Sure. I mean, look, this is with DeepSeek and some of the other open-source models, we're seeing happen exactly what we've been saying would happen, which is the actual like LLM technology will become commoditized. The price will come down, and the open-source versions of these things will be, you know, at any point in time, let's say 90% as good as the major commercial closed-source versions because that's the story of, you know, internet, software for the last 20, 30 years. It is playing out, I think, exactly as we would have expected. I think all companies can benefit from AI across their business, but Reddit in particular, right? Reddit is text and words and content evaluation and translation and, you know, moderation, safety, ad targeting. All of these things are things that AI and LLMs specifically can dramatically advance.
I see just across the board so many ways for our product to be better, safer, more interesting. Whether we use a commercial model or we make our own, both of which we do now, I think there's just opportunities across the board. I mean, it's crazy. You can take DeepSeek's model and run it on like four GPUs, right? You can run that under your desk. Obviously, that's a huge opportunity for us and I think every company in this space.

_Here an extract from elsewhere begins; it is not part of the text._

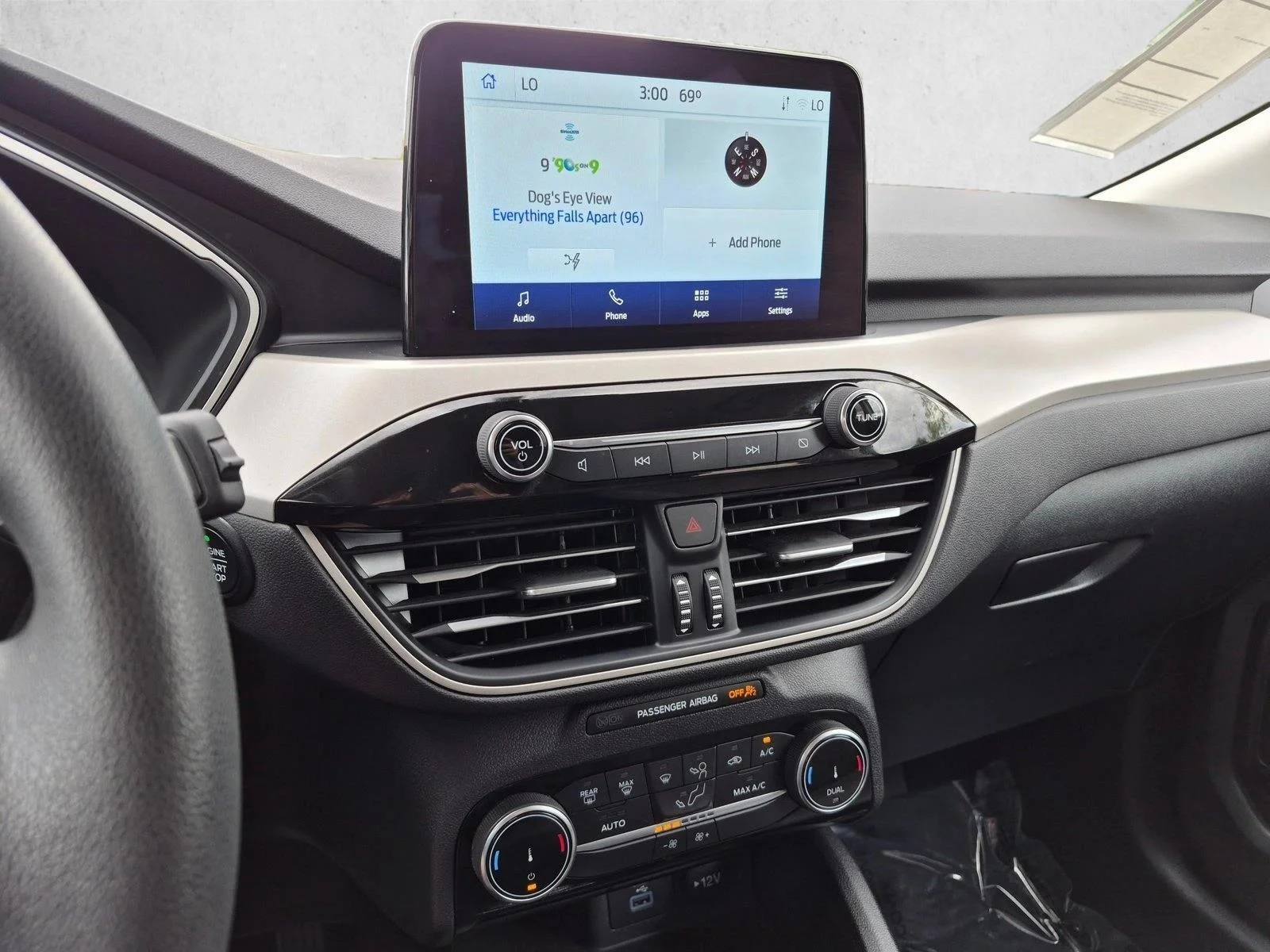 Used 2022 Oxford White Ford SE Hybrid image 14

All right. Parting question again from the Reddit community.
Great. Ben just wants to make it clear it's not his question.
No. It's a great question. Sorry. You know, where do you envision Reddit's product and community evolving over the next 10 years? I know you can spend as much time and as little time as you want on this, but yeah, it's interesting.
Okay. I've got 17 seconds.
The shot clock's down.
Look, we talked about these things. Our four priorities: improve the core product, grow the ads business, search, internationalization. You know, I think about how do we get to a billion users? I believe Reddit's product is universal. So how do we make that a true statement, convert our weeklies into dailies? Product quality, performance, search. It's the basics, but I think the path to where we wanna go is just through doing the basics at a very high level.
Awesome. Thank you, Steve. I look forward to seeing how things progress over the next year and maybe you give us a status update in 2026.
Only if you do this in Palm Springs, which is where I thought we were going. Thanks, Ben. Thanks, folks.